現在に至るまで折に触れ、後悔の念に駆られているものですから、ご迷惑も顧みず、こうしてお便りさせていただく次第です。

 ところで

(小論の前章、前々章においても軽くふれられたとおり、ギリシア数学の比例論においては構成上一つの問題点、いやむしろアポリアに近いものが伏在していた。すなわち非共約量もしくは無理量の扱いであり、その場合比そのものが成立しなくなるのではないか、との危惧であった。正方形の対角線が一辺と非共約であることはかなり古くから知られていたらしいが、さらに非共約数が無数に存在する事実を明確に指摘したのが、プラトンも引く若き数学者テアイテートスなのであった(Theaetetus 147c〜148d)。こうした歴史をうけとめたユークリッドは比例論を構築する際に非共約量ひいては無理数一般の問題を避けて通れなかったはずである。
 ユークリッドの回答はさしあたり二様である。その一は原論第十巻に展開される、共約、非共約、および有理、無理の議論であり、彼はそこでこれら二組の対概念を区別した。注目すべきは今日われわれが無理数とみている√2は、二乗により2となり、1と整数比を有するが故に共約であり、よって有理数とされた点である。また共約の定義でも、共通単位aに対してその整数倍となる二数が共約であるから、例えば√2と2√2とは共約となる。かくしてユークリッドは図形の辺と面積比との取り払いを可能にしたのであった。
 第二の方法は、第五巻における比例論の体系的構成に見出せる。すでに定義五に明らかな如く、ユークリッドはこの値に頼らずに、むしろ比例形式それ自体の相応、対象関係という方途により比例論を構成した。此の値を軸として理論展開するためには是非とも無理数の存在を理論的に根拠づける必要がある。しかしそれとは独立に、各々の項が有理、無理、あるいは共約、非共約であるとないとを問わず成立する性質がある。例えば四項比例式どうしの推移律(命題=)a:b=c:d,c:d=e,f→a:b=e:f、あるいは可比の定理(命題18)a:b=c:d→(a+b):b=(c+d):dが成立するのである。
 このような工夫を、無理数論のアポリアを避けるための巧妙な手段である、とのみ解釈することは正しくない。むしろ幾多の非礼が織りなす behaviour とでも称すべきものの裡にこそ有理、無理とは独立の比の本質が顕現し、ユークリッドはこれを的確に捉えていたのである。同様の精神は現代数学でも各種概念の定義に際してしばしば用いられる、特徴づけ characterization の方法に窺える。そしてたとえユークリッド自身が明言していないにせよ、第五巻の比例論全体を通観して、そこで示されたが如き behaviour をとるもの全体こそ正しく比の名に相応しい、という一つの大がかりな定義ともみなせるのである。)

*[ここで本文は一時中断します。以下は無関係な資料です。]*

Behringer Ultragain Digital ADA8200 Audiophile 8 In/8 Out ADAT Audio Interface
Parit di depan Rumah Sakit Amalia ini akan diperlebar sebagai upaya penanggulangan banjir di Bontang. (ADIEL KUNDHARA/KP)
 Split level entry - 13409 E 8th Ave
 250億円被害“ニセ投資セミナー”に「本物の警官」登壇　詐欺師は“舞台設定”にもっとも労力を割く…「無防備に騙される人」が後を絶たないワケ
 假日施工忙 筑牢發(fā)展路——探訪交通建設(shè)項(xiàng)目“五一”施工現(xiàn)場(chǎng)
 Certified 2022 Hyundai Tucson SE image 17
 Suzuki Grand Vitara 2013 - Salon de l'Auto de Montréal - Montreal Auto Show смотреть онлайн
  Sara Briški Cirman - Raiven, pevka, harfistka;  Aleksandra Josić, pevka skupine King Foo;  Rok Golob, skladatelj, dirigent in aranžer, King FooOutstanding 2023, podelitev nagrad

わたしの記憶はとても怪しいのですが、確か、昨二千十年は大変お世話いただいた点につきまして、丁度十か月前に御礼申し上げたように思います。理工系の学問について全く疎いものですから、自分では判らないのですが、また来年のご指導ご鞭撻につきましても、厚かましく、併せてお願い申し上げたように存じております。
来年、つまり二千十二年もよろしくお願いいたします、と。

今年のことは曖昧。
乱文お詫び申し上げつつこれにて失礼させていただきます。